To learn about Bahnar culture and history is to learn about the impacts of French colonialism; the two are entwined. Since the 1850s, the arrival of French Catholic Missionaries into the Central Mountains saw a complex chapter begin. Through their presence came ethnographers, whose fieldworks photographically documented the ethnic groups of the region, referred to as Montagnards; French for “people of the mountain”.
Banh’s passion for preserving Bahnar culture has led her to deeply value the ethnographers’ historic black and white photography, documenting her people as far back as a century ago. It is a somber paradox though, common for indigenous communities, how such photographs – taken by the colonizer – are over time repatriated back to the community to ironically evolve into treasured relics that can preserve or even regain memory and culture.

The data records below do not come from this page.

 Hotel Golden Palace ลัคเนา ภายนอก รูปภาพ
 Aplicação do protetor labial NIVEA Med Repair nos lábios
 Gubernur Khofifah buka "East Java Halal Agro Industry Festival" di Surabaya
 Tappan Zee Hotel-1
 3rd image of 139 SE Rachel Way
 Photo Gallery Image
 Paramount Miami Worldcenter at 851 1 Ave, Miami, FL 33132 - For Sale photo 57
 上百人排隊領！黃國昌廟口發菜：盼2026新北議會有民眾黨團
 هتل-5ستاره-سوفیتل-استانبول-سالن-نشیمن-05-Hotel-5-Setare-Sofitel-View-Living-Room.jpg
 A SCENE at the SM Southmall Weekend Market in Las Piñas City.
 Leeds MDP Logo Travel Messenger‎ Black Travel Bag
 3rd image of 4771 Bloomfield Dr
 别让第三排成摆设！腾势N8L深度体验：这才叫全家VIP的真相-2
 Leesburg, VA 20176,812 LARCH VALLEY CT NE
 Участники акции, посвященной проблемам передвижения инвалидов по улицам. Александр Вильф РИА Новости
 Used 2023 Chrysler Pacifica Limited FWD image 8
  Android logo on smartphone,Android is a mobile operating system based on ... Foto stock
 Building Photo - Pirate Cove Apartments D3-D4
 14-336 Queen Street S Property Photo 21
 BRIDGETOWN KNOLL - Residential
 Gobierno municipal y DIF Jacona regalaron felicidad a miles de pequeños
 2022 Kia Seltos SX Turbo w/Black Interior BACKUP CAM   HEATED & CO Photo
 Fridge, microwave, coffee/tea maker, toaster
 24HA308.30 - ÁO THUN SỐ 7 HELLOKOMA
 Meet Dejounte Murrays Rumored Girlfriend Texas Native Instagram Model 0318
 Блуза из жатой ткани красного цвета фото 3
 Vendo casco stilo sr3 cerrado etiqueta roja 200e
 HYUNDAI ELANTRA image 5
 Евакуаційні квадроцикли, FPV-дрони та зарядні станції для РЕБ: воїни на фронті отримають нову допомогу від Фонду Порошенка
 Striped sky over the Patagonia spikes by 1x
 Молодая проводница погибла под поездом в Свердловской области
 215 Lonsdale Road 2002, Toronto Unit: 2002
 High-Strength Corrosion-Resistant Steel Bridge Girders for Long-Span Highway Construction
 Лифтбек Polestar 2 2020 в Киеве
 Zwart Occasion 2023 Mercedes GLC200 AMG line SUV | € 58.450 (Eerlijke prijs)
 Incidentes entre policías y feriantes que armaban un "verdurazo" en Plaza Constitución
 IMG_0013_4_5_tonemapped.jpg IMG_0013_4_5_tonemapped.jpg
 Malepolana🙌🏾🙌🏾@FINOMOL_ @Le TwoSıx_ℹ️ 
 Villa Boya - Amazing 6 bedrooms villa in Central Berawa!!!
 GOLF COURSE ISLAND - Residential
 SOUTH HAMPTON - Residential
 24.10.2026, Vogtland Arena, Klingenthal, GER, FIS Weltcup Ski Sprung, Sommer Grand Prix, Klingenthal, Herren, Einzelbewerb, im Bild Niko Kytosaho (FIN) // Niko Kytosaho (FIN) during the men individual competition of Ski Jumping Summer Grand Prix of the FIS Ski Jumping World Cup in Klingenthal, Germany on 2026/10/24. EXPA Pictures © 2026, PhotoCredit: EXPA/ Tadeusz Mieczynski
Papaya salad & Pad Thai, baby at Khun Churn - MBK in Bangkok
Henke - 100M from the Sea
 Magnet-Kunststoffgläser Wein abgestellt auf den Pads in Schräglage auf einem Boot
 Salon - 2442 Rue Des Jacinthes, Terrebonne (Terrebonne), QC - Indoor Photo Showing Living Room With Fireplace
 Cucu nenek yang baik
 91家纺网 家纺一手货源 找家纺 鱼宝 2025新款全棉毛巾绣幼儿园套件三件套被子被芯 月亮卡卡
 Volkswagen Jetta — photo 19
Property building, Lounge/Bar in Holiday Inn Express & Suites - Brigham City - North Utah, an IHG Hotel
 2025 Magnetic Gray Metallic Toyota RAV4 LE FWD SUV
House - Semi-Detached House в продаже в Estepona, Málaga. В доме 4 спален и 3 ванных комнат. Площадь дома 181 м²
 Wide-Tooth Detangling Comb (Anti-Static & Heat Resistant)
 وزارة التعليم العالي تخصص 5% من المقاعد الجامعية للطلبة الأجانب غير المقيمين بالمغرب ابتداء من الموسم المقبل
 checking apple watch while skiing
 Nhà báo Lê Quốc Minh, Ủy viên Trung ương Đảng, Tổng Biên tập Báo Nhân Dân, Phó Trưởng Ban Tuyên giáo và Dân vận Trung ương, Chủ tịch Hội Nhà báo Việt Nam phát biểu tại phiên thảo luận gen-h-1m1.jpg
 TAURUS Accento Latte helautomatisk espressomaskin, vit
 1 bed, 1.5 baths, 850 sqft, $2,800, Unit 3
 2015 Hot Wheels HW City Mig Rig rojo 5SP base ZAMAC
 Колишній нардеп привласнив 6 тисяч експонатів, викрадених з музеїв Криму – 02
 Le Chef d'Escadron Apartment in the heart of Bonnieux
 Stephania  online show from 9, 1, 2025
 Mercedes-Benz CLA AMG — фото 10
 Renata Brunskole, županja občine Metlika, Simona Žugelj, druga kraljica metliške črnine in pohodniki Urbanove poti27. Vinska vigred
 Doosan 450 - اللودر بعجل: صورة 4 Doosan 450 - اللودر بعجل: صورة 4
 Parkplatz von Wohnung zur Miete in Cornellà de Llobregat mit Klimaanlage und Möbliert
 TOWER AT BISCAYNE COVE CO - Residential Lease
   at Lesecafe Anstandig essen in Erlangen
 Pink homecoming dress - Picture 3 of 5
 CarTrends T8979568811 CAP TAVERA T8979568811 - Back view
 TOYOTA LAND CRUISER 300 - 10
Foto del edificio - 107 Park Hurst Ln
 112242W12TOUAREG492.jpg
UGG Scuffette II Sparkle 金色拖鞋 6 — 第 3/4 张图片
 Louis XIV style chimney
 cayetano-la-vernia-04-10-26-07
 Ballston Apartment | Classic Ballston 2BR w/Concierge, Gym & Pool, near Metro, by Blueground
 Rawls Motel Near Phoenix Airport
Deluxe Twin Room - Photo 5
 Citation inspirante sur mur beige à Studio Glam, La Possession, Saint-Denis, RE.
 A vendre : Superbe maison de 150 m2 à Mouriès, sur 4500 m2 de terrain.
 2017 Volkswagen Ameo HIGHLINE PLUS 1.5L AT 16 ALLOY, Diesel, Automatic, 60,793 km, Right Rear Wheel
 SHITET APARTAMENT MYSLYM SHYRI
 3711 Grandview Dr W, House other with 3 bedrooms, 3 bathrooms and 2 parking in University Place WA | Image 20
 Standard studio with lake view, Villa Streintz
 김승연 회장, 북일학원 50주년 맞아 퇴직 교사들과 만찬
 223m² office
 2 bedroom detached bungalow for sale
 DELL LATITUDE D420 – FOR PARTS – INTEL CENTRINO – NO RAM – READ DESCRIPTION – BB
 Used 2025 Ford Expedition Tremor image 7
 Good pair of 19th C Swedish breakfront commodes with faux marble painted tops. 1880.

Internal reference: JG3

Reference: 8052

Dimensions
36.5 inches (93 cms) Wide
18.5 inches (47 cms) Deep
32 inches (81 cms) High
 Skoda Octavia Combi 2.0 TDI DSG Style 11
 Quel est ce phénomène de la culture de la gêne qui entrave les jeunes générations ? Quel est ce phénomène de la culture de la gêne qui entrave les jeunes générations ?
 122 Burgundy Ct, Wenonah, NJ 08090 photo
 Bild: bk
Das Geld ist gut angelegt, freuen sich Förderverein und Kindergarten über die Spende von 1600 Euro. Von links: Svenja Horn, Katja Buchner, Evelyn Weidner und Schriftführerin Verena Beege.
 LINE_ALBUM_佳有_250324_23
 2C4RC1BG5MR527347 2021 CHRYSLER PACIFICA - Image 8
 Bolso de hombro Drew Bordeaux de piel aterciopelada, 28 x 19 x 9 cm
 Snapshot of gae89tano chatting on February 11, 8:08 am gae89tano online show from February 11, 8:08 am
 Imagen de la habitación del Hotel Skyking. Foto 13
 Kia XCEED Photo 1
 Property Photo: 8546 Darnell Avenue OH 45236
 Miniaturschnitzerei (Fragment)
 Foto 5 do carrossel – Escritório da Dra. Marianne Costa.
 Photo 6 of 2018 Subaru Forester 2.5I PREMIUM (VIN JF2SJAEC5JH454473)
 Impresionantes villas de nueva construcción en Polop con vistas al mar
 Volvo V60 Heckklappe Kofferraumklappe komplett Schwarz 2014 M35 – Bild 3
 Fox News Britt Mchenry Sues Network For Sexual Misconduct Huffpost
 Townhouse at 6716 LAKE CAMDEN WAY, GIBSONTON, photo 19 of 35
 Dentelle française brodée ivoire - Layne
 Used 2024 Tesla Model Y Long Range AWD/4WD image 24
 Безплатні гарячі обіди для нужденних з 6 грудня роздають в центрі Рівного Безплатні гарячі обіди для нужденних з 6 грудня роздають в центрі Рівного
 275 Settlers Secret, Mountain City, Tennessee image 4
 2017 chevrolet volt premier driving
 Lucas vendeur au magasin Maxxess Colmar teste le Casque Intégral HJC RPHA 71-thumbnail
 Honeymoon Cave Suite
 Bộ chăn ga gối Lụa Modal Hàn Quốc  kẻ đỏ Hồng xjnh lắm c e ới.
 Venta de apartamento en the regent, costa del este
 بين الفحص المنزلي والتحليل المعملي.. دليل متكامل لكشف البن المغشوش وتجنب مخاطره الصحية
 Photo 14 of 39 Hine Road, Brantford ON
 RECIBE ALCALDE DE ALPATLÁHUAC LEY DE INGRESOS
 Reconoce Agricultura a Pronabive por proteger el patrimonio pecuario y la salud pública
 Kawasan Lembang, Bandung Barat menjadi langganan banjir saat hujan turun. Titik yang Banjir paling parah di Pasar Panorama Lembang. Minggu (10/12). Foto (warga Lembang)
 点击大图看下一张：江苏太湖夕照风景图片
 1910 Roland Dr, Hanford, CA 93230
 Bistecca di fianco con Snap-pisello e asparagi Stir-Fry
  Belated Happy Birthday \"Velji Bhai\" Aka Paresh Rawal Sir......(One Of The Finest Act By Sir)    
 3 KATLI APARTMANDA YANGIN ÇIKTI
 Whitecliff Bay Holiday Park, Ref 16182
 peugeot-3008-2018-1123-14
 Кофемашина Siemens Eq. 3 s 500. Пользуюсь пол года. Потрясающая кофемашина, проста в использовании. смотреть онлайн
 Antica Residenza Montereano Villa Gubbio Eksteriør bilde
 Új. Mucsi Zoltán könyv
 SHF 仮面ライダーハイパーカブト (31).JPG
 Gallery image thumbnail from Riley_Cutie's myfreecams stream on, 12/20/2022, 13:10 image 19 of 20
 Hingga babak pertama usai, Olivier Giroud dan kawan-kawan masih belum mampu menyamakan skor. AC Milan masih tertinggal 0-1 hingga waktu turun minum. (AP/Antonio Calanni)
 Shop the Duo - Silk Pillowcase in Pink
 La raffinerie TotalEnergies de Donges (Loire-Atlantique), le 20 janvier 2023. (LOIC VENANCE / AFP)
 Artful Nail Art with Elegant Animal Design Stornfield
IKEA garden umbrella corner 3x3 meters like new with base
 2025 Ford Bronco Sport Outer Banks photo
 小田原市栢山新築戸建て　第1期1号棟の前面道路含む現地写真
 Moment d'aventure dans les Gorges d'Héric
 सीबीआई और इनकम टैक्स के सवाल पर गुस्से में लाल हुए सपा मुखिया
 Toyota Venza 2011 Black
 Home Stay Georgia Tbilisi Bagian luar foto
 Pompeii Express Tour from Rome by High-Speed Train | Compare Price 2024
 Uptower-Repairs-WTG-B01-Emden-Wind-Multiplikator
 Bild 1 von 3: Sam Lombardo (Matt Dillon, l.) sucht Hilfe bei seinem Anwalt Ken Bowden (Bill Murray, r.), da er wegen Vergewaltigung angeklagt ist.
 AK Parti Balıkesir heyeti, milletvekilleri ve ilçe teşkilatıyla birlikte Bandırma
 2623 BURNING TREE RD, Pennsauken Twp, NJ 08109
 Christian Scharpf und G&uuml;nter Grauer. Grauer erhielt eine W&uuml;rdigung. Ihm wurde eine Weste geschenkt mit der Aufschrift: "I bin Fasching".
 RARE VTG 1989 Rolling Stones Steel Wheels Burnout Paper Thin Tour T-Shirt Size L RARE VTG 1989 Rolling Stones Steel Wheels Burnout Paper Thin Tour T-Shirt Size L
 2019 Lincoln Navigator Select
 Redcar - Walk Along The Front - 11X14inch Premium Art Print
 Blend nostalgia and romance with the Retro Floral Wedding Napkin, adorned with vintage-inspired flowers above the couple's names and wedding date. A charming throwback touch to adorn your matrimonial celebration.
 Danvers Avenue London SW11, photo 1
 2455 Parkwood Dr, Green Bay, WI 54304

Banh explained to Tessa the cyclic history of these photographs and the mixed feelings with which she regards them. While most are coldly ‘documentarian’ in their aesthetic, some are romantic, suggesting an affinity for the Bahnar people among some ethnographers. Yet, the images were all still ‘taken’ by outsiders.
Having been made aware of this, Tessa – an outsider – proposed a collaboration whereby Banh photographs whomever she likes from her village, forming the key reference imagery for a subsequent portrait that Tessa paints. With a high regard for the elders among her village, Banh chose to photograph Nhi, aged 96 at the time.